→ **Task prompt**
Produce an exact copy of the lines below, starting at the first and ending with the line containing "โกดัง for rent".
(Given data begins)
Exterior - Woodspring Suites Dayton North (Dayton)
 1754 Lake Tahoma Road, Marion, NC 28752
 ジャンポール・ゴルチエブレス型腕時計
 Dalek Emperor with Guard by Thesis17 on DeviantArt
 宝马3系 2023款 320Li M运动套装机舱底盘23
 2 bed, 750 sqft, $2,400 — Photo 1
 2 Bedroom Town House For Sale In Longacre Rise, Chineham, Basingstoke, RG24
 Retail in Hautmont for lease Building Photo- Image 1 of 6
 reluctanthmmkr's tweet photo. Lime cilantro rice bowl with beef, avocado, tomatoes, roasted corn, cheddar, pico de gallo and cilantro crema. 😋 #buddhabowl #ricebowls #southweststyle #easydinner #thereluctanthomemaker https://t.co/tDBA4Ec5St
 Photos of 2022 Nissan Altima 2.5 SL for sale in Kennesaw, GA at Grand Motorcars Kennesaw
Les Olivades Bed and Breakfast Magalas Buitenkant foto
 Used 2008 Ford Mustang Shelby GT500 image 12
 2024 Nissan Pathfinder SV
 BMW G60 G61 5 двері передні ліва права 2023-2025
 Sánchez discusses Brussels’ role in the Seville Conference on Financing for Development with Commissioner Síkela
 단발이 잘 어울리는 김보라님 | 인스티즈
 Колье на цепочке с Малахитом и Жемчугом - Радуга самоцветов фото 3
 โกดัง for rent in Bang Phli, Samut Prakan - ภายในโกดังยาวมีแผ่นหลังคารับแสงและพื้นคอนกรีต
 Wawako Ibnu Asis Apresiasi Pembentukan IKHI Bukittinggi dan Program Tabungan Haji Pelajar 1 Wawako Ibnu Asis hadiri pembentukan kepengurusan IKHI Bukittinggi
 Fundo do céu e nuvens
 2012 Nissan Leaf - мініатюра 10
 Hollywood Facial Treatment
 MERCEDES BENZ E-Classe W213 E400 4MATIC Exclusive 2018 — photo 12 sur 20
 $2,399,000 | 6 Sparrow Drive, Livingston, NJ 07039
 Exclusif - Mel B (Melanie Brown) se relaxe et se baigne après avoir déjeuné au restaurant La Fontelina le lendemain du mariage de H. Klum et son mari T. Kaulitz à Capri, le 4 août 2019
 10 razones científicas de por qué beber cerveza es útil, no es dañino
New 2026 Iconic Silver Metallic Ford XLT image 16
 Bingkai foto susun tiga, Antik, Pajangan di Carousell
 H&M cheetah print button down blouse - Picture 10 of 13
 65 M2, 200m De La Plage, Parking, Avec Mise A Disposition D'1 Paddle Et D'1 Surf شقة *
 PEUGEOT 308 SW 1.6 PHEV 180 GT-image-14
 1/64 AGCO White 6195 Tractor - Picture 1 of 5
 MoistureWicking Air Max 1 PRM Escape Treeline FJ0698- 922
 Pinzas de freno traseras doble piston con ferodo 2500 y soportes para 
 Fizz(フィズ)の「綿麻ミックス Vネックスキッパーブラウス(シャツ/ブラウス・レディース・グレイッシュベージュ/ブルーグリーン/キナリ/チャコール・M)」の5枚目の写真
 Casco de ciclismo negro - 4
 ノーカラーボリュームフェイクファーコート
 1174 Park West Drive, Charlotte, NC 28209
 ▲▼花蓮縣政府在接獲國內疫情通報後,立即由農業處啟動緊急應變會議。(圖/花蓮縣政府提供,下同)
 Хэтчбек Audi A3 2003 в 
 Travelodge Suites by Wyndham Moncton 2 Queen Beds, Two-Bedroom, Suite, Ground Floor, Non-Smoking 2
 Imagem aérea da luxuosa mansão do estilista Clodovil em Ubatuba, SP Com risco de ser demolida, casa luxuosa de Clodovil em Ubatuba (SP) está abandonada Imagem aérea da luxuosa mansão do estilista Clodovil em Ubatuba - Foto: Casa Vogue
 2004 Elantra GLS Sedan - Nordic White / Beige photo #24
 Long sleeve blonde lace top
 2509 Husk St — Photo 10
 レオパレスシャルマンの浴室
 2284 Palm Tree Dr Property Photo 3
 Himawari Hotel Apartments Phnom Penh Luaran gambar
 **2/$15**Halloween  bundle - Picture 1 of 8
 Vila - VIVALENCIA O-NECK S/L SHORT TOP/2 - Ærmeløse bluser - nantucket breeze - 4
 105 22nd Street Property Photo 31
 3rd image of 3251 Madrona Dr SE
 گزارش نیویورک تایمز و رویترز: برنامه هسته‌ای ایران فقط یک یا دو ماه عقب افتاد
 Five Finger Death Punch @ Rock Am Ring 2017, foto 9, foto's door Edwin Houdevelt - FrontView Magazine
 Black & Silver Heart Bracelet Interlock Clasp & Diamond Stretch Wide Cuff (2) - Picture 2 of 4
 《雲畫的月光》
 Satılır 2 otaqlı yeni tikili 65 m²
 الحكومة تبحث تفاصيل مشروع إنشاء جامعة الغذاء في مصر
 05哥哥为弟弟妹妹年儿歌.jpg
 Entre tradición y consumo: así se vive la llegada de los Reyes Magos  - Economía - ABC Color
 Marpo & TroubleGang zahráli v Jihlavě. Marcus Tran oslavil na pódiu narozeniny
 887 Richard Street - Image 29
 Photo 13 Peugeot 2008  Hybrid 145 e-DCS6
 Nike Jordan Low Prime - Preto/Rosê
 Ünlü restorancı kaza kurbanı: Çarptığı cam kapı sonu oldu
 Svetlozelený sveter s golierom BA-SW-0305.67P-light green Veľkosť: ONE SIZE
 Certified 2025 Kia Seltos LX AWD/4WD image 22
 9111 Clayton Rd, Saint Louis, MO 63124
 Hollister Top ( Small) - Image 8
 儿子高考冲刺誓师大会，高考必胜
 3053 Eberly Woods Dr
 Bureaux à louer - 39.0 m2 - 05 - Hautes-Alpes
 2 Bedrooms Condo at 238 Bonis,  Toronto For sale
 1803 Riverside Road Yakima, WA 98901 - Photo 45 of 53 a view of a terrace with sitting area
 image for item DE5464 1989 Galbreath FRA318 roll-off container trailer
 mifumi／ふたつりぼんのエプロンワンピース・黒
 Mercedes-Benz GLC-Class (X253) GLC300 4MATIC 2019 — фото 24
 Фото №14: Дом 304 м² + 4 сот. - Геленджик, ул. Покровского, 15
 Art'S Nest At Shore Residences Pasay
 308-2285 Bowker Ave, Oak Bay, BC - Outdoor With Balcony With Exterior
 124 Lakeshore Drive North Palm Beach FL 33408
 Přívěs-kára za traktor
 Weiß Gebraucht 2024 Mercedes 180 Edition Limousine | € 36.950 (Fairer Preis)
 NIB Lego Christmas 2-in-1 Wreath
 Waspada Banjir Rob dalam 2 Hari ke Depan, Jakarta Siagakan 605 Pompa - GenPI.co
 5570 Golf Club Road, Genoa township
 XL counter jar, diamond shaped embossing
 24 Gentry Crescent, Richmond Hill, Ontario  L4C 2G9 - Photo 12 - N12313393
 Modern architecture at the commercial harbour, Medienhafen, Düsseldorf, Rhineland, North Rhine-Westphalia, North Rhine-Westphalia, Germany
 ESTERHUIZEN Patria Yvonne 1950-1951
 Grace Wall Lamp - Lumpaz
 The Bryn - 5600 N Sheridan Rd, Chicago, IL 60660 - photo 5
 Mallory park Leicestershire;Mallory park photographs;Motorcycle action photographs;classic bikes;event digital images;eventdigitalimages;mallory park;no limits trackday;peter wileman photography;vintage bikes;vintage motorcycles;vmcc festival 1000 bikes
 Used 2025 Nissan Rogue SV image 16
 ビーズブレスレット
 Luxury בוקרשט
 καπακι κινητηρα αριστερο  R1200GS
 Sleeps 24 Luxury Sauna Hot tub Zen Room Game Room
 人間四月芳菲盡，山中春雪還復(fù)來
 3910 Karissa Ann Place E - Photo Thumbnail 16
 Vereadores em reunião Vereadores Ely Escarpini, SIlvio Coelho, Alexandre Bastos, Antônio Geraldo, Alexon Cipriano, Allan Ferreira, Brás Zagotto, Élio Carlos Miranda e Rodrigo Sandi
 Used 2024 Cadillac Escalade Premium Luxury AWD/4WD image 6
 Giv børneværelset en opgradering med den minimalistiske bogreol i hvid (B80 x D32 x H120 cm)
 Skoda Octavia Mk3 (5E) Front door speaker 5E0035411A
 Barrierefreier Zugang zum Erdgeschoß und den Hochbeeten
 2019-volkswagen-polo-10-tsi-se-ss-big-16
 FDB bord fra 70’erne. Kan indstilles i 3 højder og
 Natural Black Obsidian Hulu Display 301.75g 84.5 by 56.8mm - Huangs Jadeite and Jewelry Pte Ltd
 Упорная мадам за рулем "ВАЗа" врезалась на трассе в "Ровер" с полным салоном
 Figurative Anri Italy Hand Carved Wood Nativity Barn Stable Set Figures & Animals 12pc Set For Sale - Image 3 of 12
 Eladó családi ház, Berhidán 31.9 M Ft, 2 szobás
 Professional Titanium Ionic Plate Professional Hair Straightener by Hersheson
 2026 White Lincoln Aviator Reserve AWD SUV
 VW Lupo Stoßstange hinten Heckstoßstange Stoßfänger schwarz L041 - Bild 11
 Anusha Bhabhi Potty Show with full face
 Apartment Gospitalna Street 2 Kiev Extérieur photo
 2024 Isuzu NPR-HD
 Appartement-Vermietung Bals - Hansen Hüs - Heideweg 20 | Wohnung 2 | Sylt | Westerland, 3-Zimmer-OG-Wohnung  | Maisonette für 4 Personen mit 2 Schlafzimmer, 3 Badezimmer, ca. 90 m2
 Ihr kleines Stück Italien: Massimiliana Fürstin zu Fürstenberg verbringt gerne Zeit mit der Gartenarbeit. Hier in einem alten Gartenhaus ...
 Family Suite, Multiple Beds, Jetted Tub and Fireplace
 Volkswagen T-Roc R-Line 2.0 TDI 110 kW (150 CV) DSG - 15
(Given data ends)
→ **Exercise result**
Exterior - Woodspring Suites Dayton North (Dayton)
 1754 Lake Tahoma Road, Marion, NC 28752
 ジャンポール・ゴルチエブレス型腕時計
 Dalek Emperor with Guard by Thesis17 on DeviantArt
 宝马3系 2023款 320Li M运动套装机舱底盘23
 2 bed, 750 sqft, $2,400 — Photo 1
 2 Bedroom Town House For Sale In Longacre Rise, Chineham, Basingstoke, RG24
 Retail in Hautmont for lease Building Photo- Image 1 of 6
 reluctanthmmkr's tweet photo. Lime cilantro rice bowl with beef, avocado, tomatoes, roasted corn, cheddar, pico de gallo and cilantro crema. 😋 #buddhabowl #ricebowls #southweststyle #easydinner #thereluctanthomemaker https://t.co/tDBA4Ec5St
 Photos of 2022 Nissan Altima 2.5 SL for sale in Kennesaw, GA at Grand Motorcars Kennesaw
Les Olivades Bed and Breakfast Magalas Buitenkant foto
 Used 2008 Ford Mustang Shelby GT500 image 12
 2024 Nissan Pathfinder SV
 BMW G60 G61 5 двері передні ліва права 2023-2025
 Sánchez discusses Brussels’ role in the Seville Conference on Financing for Development with Commissioner Síkela
 단발이 잘 어울리는 김보라님 | 인스티즈
 Колье на цепочке с Малахитом и Жемчугом - Радуга самоцветов фото 3
 โกดัง for rent in Bang Phli, Samut Prakan - ภายในโกดังยาวมีแผ่นหลังคารับแสงและพื้นคอนกรีต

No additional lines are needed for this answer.